Importante é  a versão, não o fato. Consta que um político é autor da frase; cujo nome não interessa, até porque em torno dessa autoria há também muitas versões. De todo modo, o fato é sempre unívoco, enquanto as versões são variante sem compromisso com a realidade. O assunto diz com o notório horror de algumas facções cristãs às bebidas alcoólicas, embora nenhum adepto dessas correntes, proibido de beber álcool, se lembre de perguntar de onde vem essa proibição. O islamismo não se inclui nessas correntes ambíguas, pelo óbvio: o Corão veda expressamente o consumo de bebida alcoólica – ou seja, sabe-se a origem desse veto ao álcool. Aliás, entre os livros religiosos, sempre achei que o Corão é, inteligentemente, muito objetivo.
Andei indagando dos religiosos inimigos do álcool onde, nos seus textos sagrados, está escrito que o adepto não pode degustar o vinho, por exemplo. Claro, só obtive respostas tolas, de cunho subjetivo, todas incoerentes. Larguei pra lá. Mas quando encontrei na Internet a afirmação – claramente manipulada – de que Cristo não bebia vinho, mas suco de uva, sem álcool, fiquei perplexo. Ora veja! Então, nas bodas de Canaã, como na última ceia, a “carta de vinhos” se resumia a... suco de uva. Oh, Diabo, cada vertente diz uma coisa!!
No entanto, essa é a versão. Quem se interessar vá ao Google e digite, por exemplo “Cristo bebia vinho?” E se divertirá com os malabarismos dos “escribas” para justificar, com foros de dogma feroz, a abominação ao álcool. E verá  como são marotos esses escribas que pregam, por escrito e por via oral, que na Bíblia só gentios, fariseus, fornicadores  e outras modalidades de ímpios, tomavam lá o seu vinhinho. A propósito, também consta que o mosto das melhores cepas, naquele tempo, era vinificado na Síria, então grande exportadora de vinho.
Aí bate o sininho – sempre ele, esse danado – e me surge uma nova questão. Ora, o álcool é um composto orgânico de fórmula R-OH, na qual R é um radical alquila; e alquila é um radical orgânico monovalente de fórmula geral CnH2n+1, formado pela remoção de um átomo de hidrogênio de um hidrocarboneto saturado.  Cultural, né? Mas, não, não sou lá tão versado em Química Orgânica quanto possa parecer. A explanação é do Houaiss, à falta de um compêndio dessa matéria. Seja como for, independente dessas definições grandiosas, vale anotar que o álcool é um conservante excepcional. Cautela! Não há aqui apologia ao consumo de álcool, mas a lembrança de uma lei natural “antiga e aceita”. O que se quer dizer é que o suco de uva derranca se não se lhe acrescenta... álcool.                 
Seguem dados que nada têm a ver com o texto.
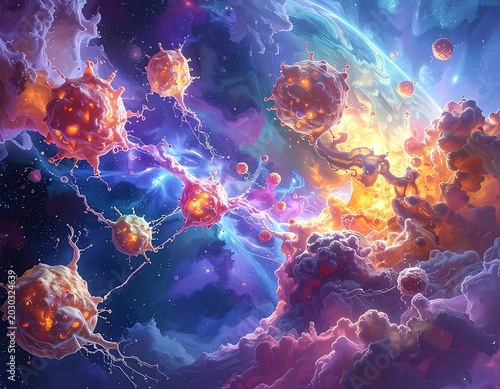 A vibrant cosmic scene with glowing orange and purple clouds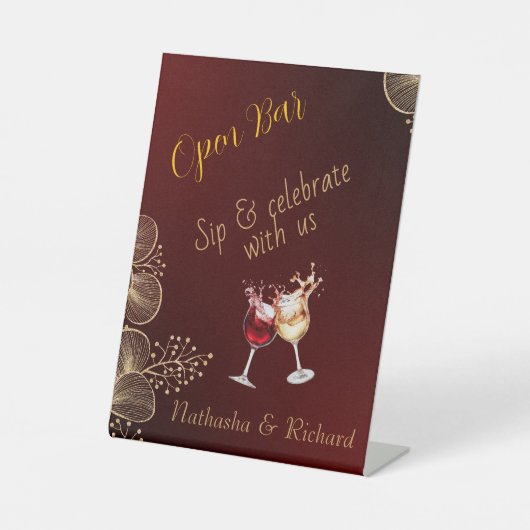 Burgundy & Gilded Floral Elegant Wedding Open Bar 台座サイン (正面)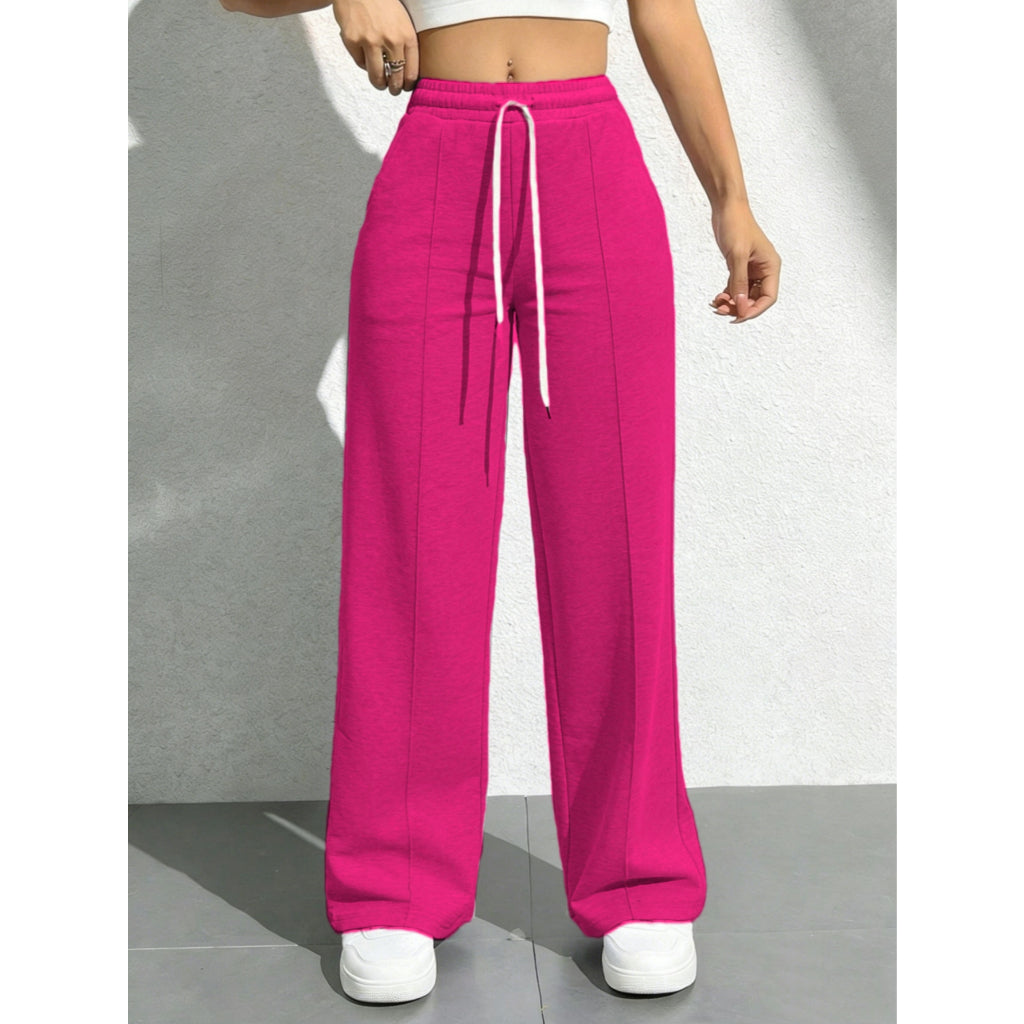 Pantalones Deportivos Mujer Suaves Cintura Alta Pierna Ancha Gris Casual Yoga Jogger con Cordón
Assim, nos Orientes Médios, de clima notória e excepcionalmente abrasado, como os hebreus de Yahweh e os judeus de Cristo conservavam todo o suco de uva que era uma constante nas respectivas dietas de terra quente de água escassa? Aí os escribas se superam. Sabem o que eles dizem? Pois dizem que esse suco, sem álcool era conservado em ânforas herméticas submersas em água! Mas que água? O Oriente Médio, tirante o Tigre e o Eufrates, mesmo o minguado Jordão, não era pródigo em águas. Vá lá, havia os mares Vermelho e Morto, até o da Galiléia, além de um oásis aqui, outro ali,ou outro, espalhados nos areais e carrascais intermináveis. Basta ir ao Atlas e confrontá-lo com os lugares bíblicos – no mais das vezes, há um mundo de areia e pedra a afastá-los de qualquer fonte de água. Ah, e para colorir a tese do suco sem álcool os escribas alardeiam que até os romanos conservavam o mosto em água. Bem, excepcionalmente e para emprego rápido, pode ser, mas daí a justificar a proposição de que suco de uva puro pode durar de uma vindima até a próxima, um ano depois... Sei lá.               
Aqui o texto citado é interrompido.